# Texas snapper



## Brad King (Sep 30, 2007)

Had some decent weather finally last Saturday. Decided to do something different besides chase the trout and reds. I called a guy i builta couple rods for and he gave me a few State water snapper #'s. Anyway we headed out spent about 2 hours drifting in 48ft of water.

Managed a few snaps and a box full of White trout (they call em sand trout over here) Anyway left em biting to go find reds and trout.LOL

Just a quick picture I took on my camera phone that day to send back to my boss who was stepping into a meeting that the three of us were all supposed to be in!

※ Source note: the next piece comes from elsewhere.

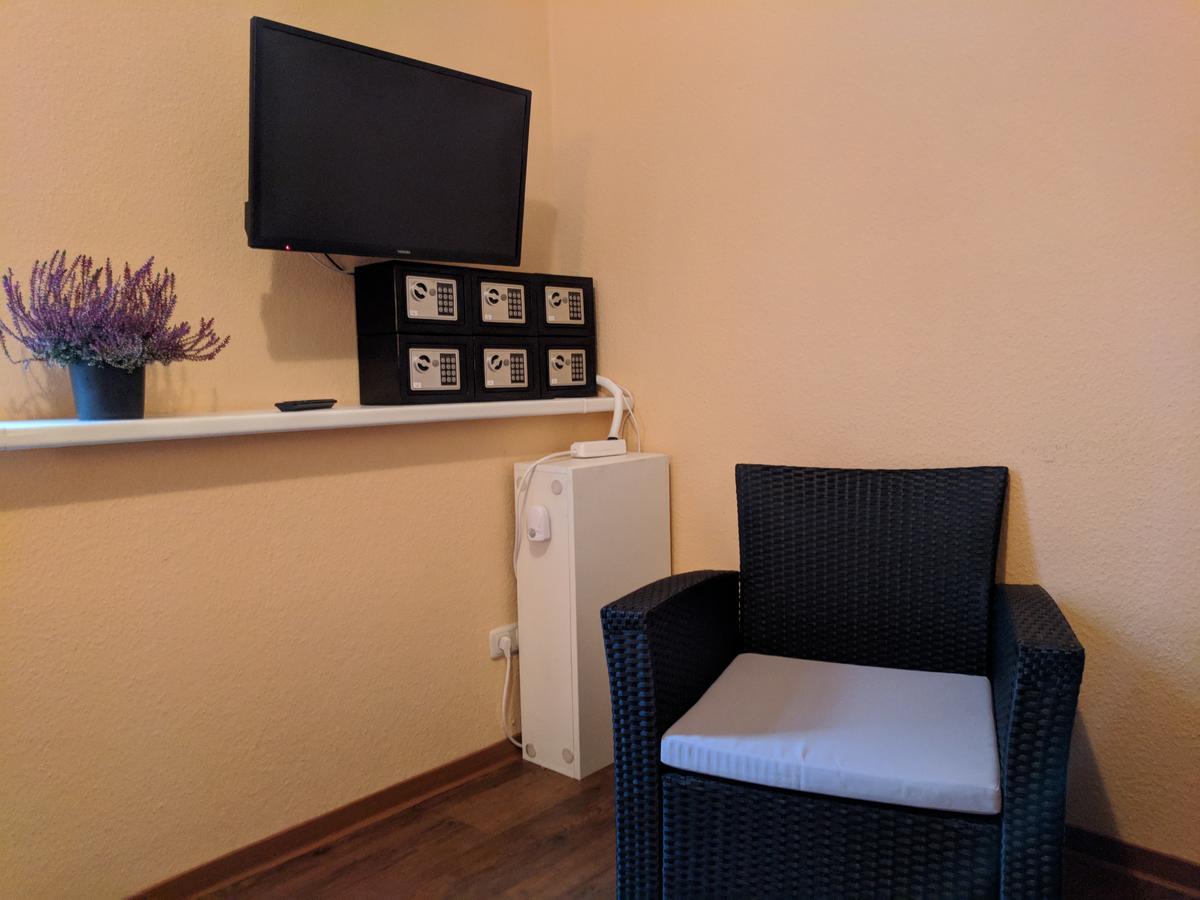 Aprotos Lueneburger Hof Hotell Munster im Heidekreis Eksteriør bilde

Not a bad day of playing hooky!!!










:letsdrink


----------



## nb&twil (Oct 2, 2007)

what part of texas? do you live there?

and good day of hookey ineed!


----------



## Brad King (Sep 30, 2007)

I have been in Kemah for about a year now. It's about 20 minutes north of Galveston.

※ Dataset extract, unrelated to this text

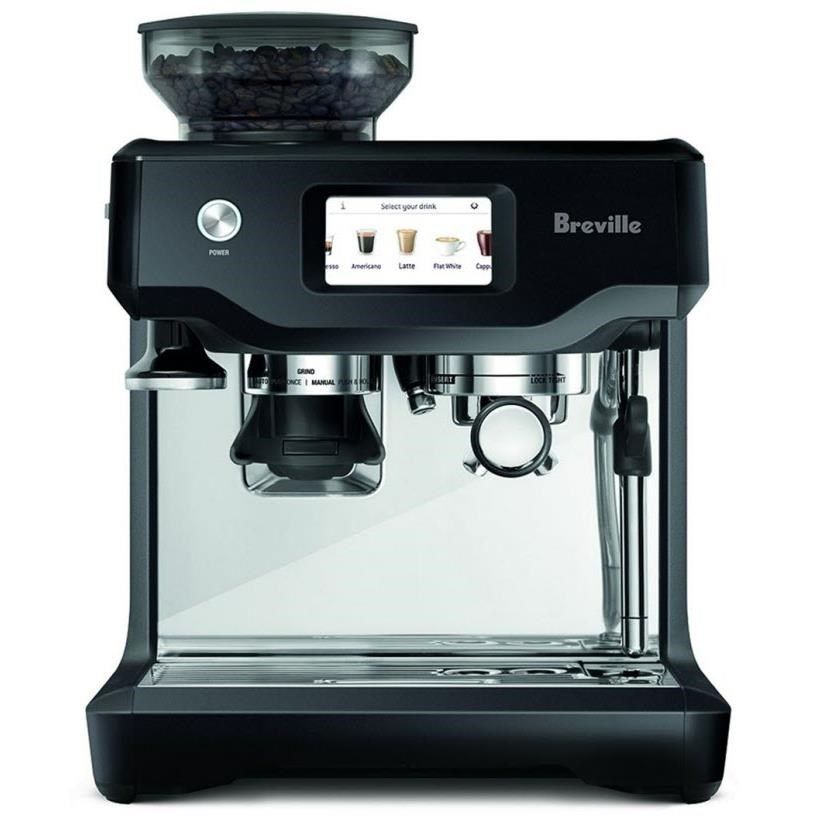 Breville the Barista Touch� Coffee Machine (Black Truffle)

I have been here for work. I still have my house in Gulf Breeze, and hoping to get back home soon.


----------



## Brad King (Sep 30, 2007)

heres a few more of a week or so ago. Going in for a quite wade in moses lake


----------



## Ultralite (Oct 1, 2007)

well there you go man...nice catch over there...i know you readand see pictures all the time from back home so, youwent out andgot yourself some...good pictures for a cell and good timing on the meeting...thanks for the report...


----------



## Clay-Doh (Oct 2, 2007)

Sweet Job Glory Boy!!!!


----------



## Brad King (Sep 30, 2007)

Thanks alot......It felt good to get over on the "MAN" for once.LOL


----------